Anne Samplonius

Personal information
- Born: February 11, 1968 (age 57) Grand Rapids, Michigan, United States
- Height: 160 cm (5 ft 3 in)
- Weight: 53 kg (117 lb)

Team information
- Discipline: Road cycling

Professional teams
- 1998: Quebec Air Transat
- 2000: Saturn Cycling Team
- 2001: Intersport
- 2003: TDS
- 2007: Team Expresscopy.com
- 2009: Team Lip Smacker
- 2011–2012: NOW and Novartis for MS

= Anne Samplonius =

Canadian road cyclist

Anne Samplonius (born February 11, 1968) is a road cyclist from Canada. She was born in the United States, has lived most of her life in Canada, and is a citizen of both countries. Samplonius graduated from the University of Alberta with a bachelor's degree in Recreational Administration in 1992. She was a silver medallist in the time trial at the 1994 UCI Road World Championships, and was a double winner of the Canadian National Time Trial Championships. Samplonius also won the gold medal in the time trial at the 2007 Pan American Games. She represented her nation at the 2000, 2001, 2006, 2007, 2008 and 2010 UCI Road World Championships.
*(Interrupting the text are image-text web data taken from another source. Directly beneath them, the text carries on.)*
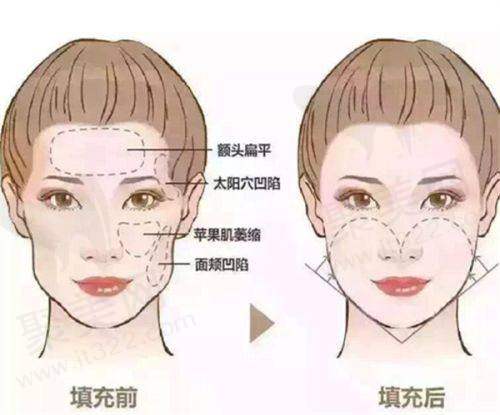 郑州芊美王浩医生隆鼻整形怎么样？
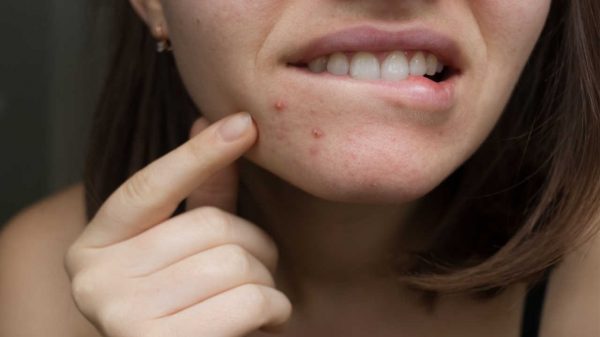 Vitamina B12 pode agravar acne; saiba quais alimentos têm o nutriente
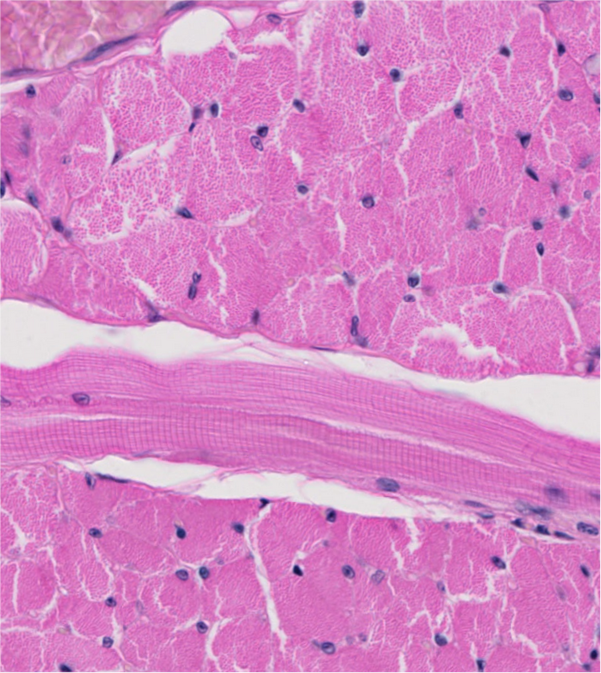 <p><span style="font-family: "Calibri Light";">ID the type of muscle. <br></span></p>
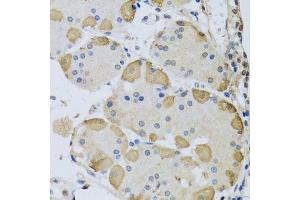 Immunohistochemistry of paraffin-embedded human stomach using ANAPC10 antibody. (ANAPC10 anticorps  (AA 1-185))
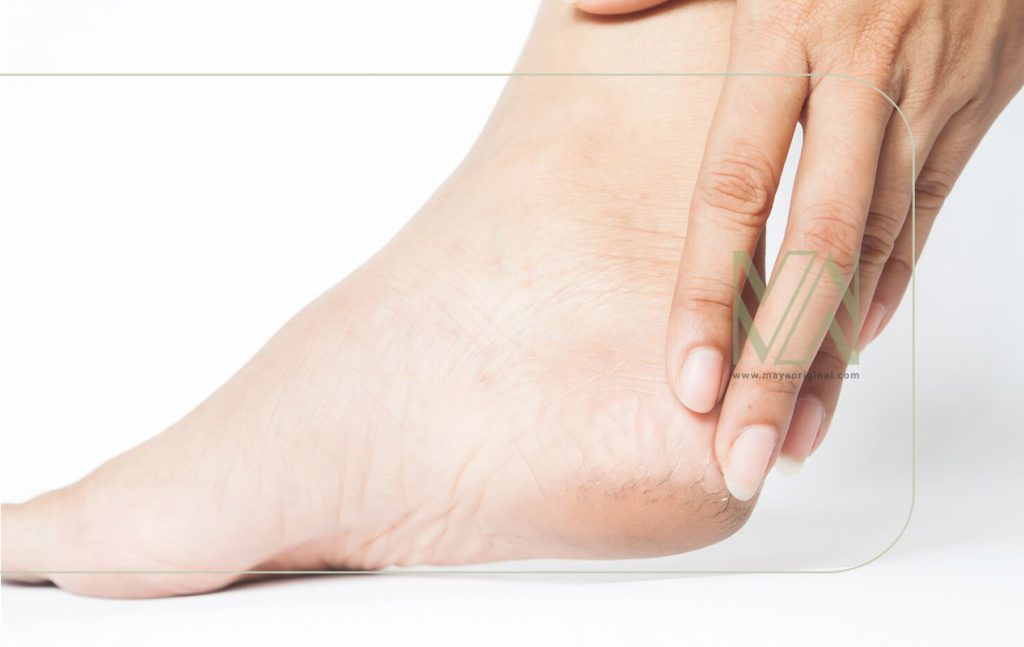 اگزما و راه های درمان آن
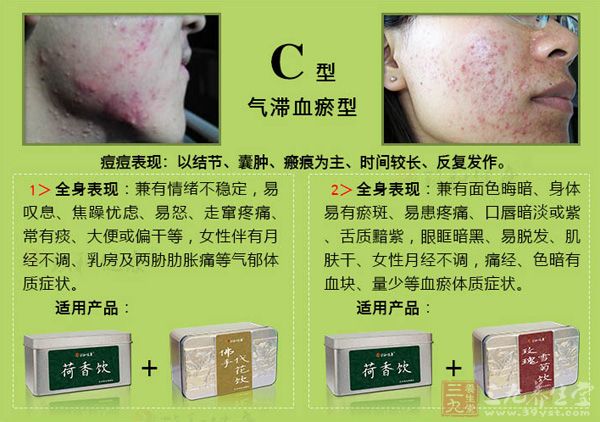 中药祛痘种外敷偏方有哪些_中药祛痘外敷偏方7种中药_中药祛痘外敷偏方大全
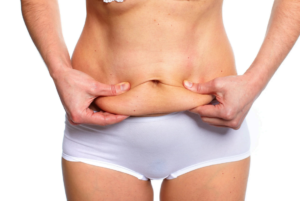 Abdominoplastia pós-bariátrica: especialista detalha como cirurgia moderna reconstrói contorno abdominal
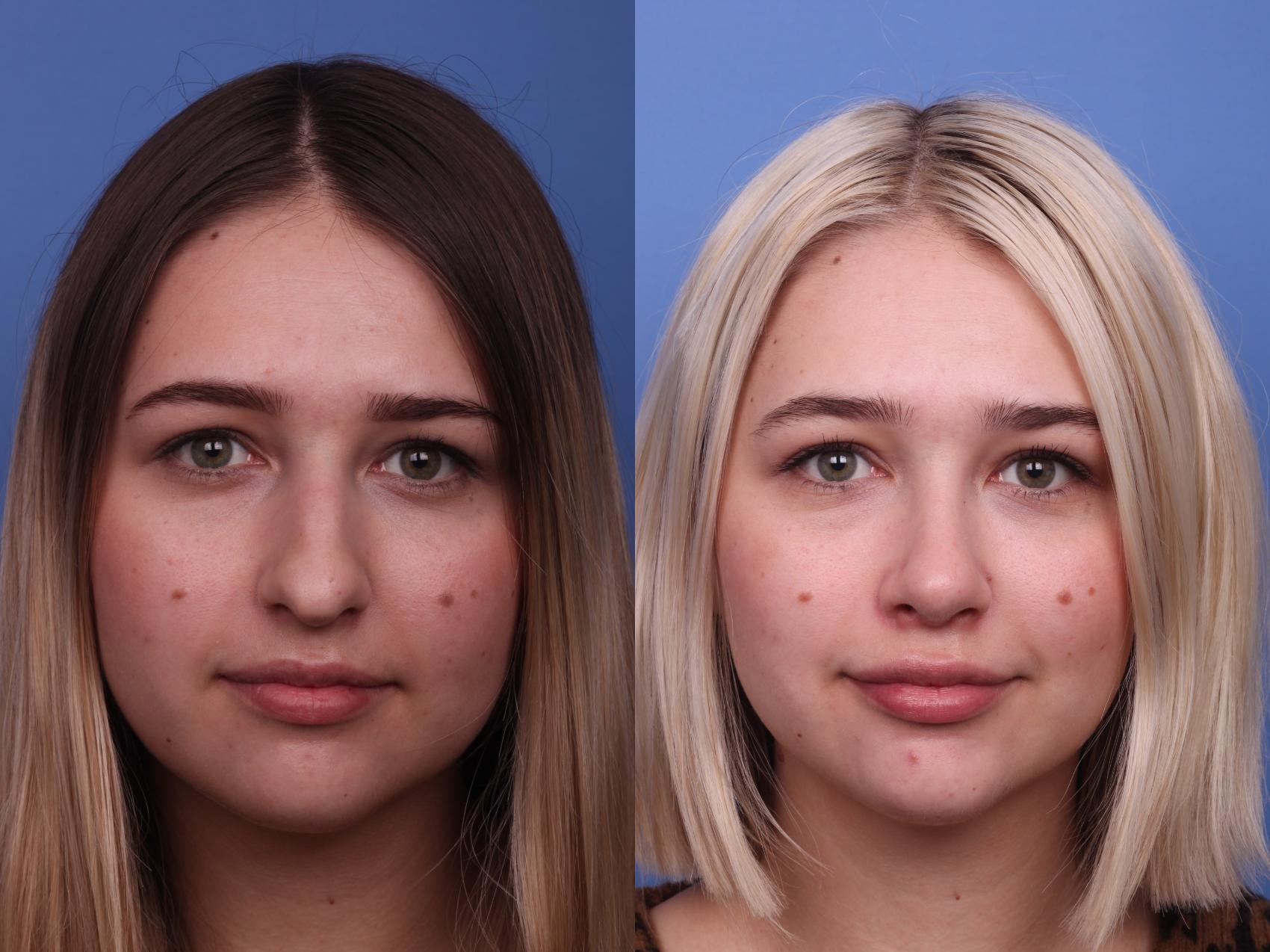 Rhinoplasty Before & After Photo | Scottsdale, AZ | Hobgood Facial Plastic Surgery: Todd Hobgood, MD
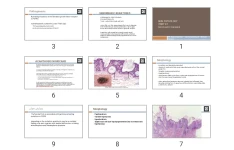 پاورپوینت Skin Pathology  part 2-1 (Neoplastic diseases)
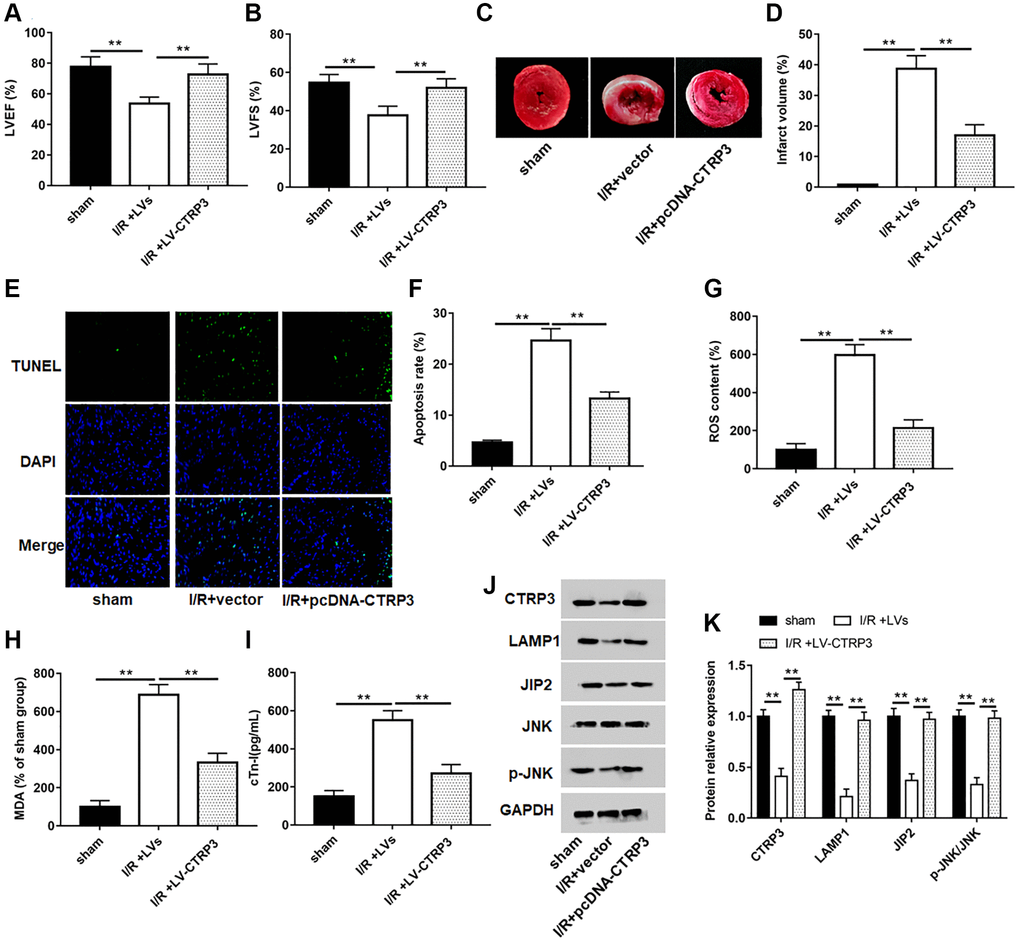 Overexpression of CTRP3 ameliorated I/R injury. (A, B) The levels of LVEF and LVFS were detected by echocardiograph as indexes for cardiac function at the end of the 24 h reperfusion. (C) Representative images of stained myocardial tissues of mice in all groups. (D) The percentage of myocardial infarction area of all groups. (E, F) Cardiomyocyte apoptosis was determined by using TUNEL assay. (G–I) The production of ROS, MDA and cTn-I was determined. (J,K) Western blotting was performed to analyze the protein expression of CTRP3, LAMPA, JIP2, JNK and p-JNK in myocardial tissue.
She competed in 12 World Championships during her career, and retired from racing at the end of 2012. Following her retirement Samplonius joined Trek Factory Racing as their content manager in November 2013, after working as online digital editor for the RusVelo team in 2012. She also works as a cycling coach.

From at least 1992 to 2007, she lived in Brampton.